Untuk jenis serangga, pada semua lokasi di SM Paliyan, Formicidae (semut) merupakan taksa yang dominan. Presentase Formicidae berkisar antara 46 – 86% dari total serangga. Fungsi semut dalam ekosistem cukup beragam ada yang berfungsi sebagai predator, scavenger, decomposer dan pemakan tumbuhan Disamping itu, di kawasan ini terdapat taksa Carabidae dan taksa Isoptera (rayap). Jumlah individu taksa ini cukup melimpah. Hal ini kemungkinan disebabkan oleh banyaknya tonggak-tonggak kayu yang juga merupakan sumber makanan dan

breeding site bagi taksa Isoptera. Isoptera merupakan dekomposer yang penting di

daerah tropik.
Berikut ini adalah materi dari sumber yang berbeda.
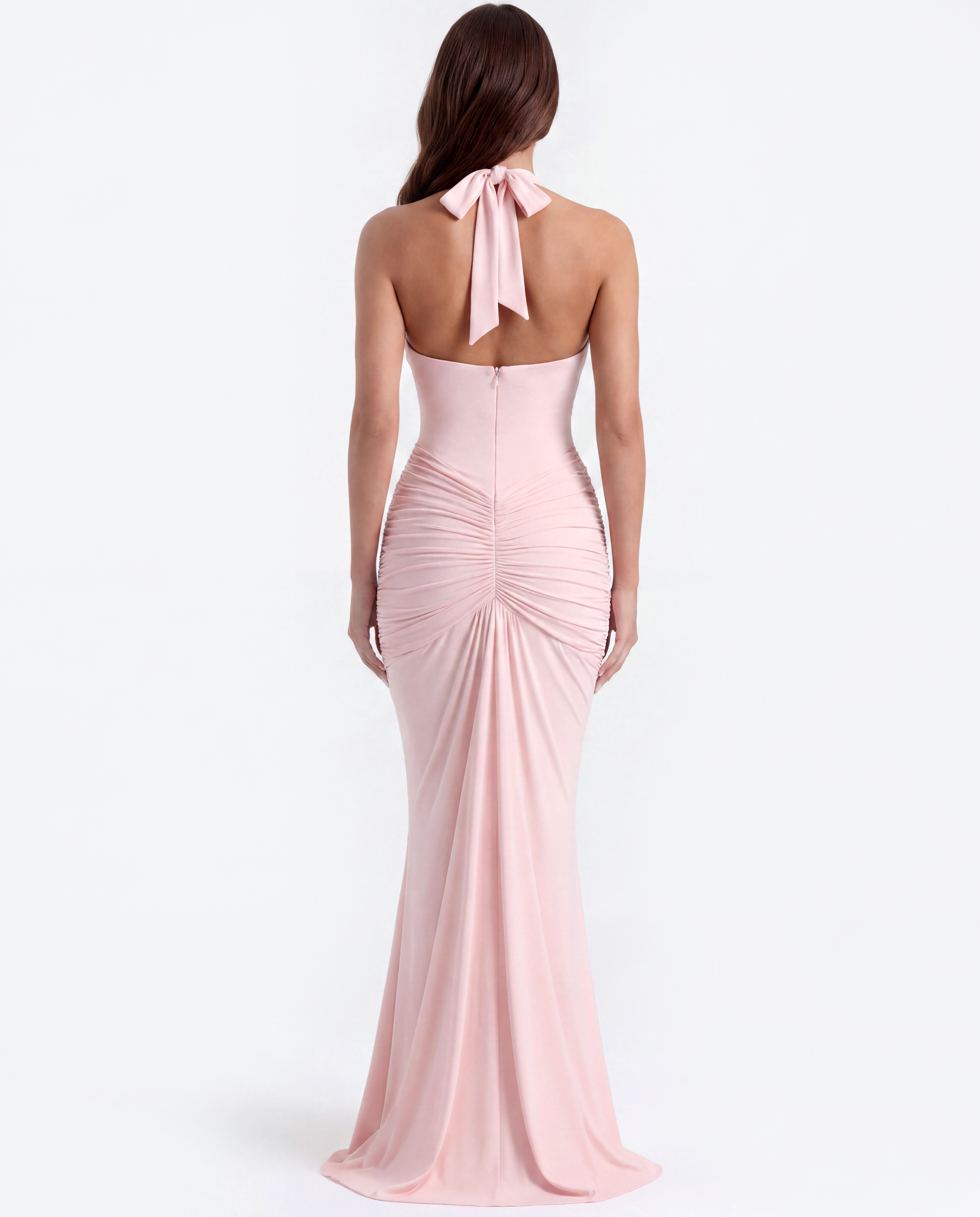 Plunging halter maxi dress for women | Ariel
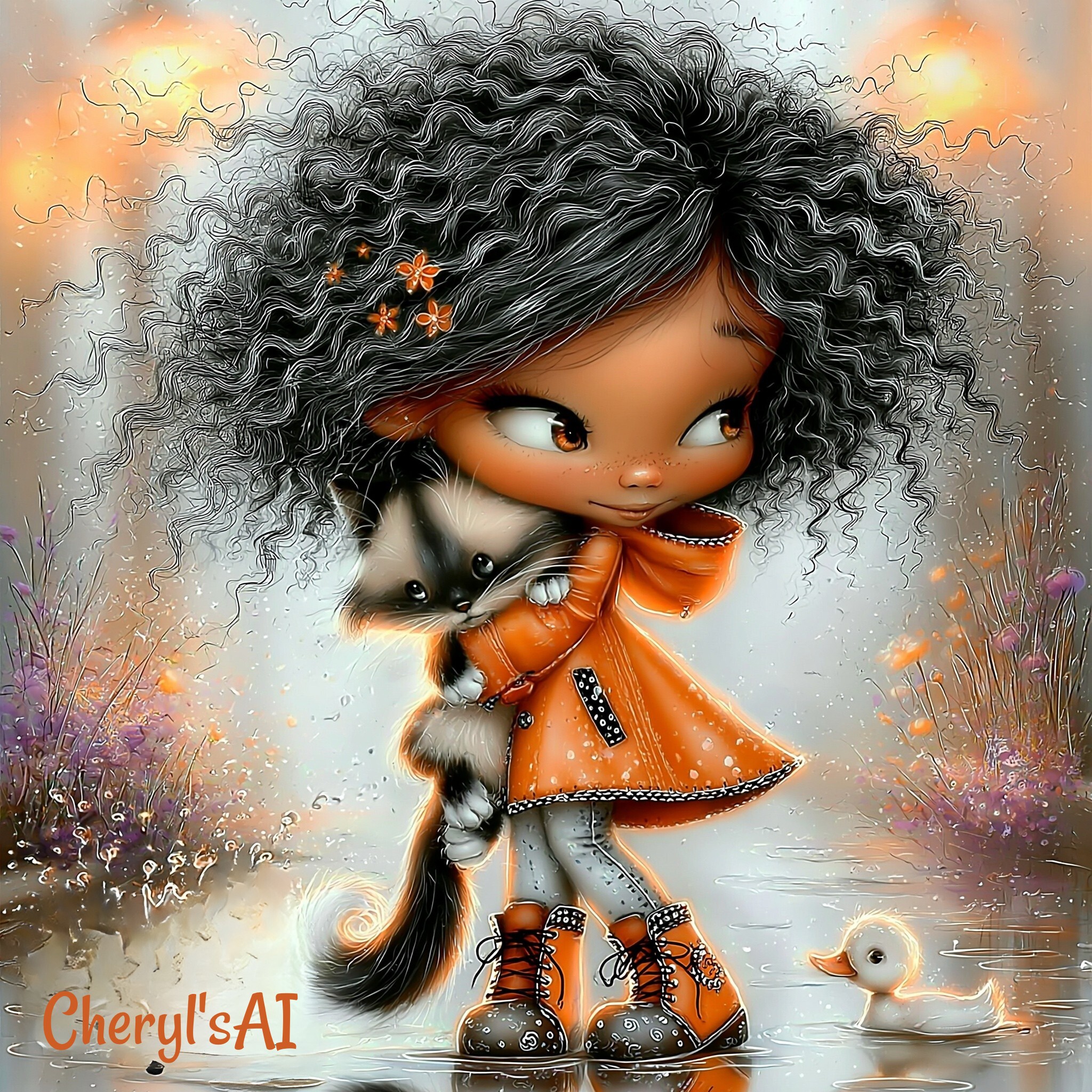 Whimsical Girl & Cat Digital Art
Serangga predator yang banyak terdapat juga di SM Paliyan adalah famili Staphylinidae. Habitat serangga ini adalah seresah hutan, rekahan kulit pohon dan ada yang bersifat parisitik (BKSDA Yogyakarta 2007).

Flora

Jenis pohon yang ada di SM Paliyan terdiri dari Jati dan Sono Keling yang merupakan tanaman GNRHL, sedangkan tanaman hasil rehabilitasi oleh PT Sumitomo Forestry Co.Ltd antara lain asam jawa, duwet, flamboyan, gamal, jambu kluthuk, johar, lamtoro, mahoni, mangga, melinjo, mete, mimbo, nangka, petai, saga, secang, sirsak, srikaya, tayuman, turi, waru, sawo, pace, dan jambu air (BKSDA Yogyakarta 2007). Saat ini pertumbuhan tanaman ini cukup berhasil dan telah mencapai tingkat tiang dengan ketinggian rata-rata 1.5 meter dan bahkan beberapa diantaranya sudah berbuah.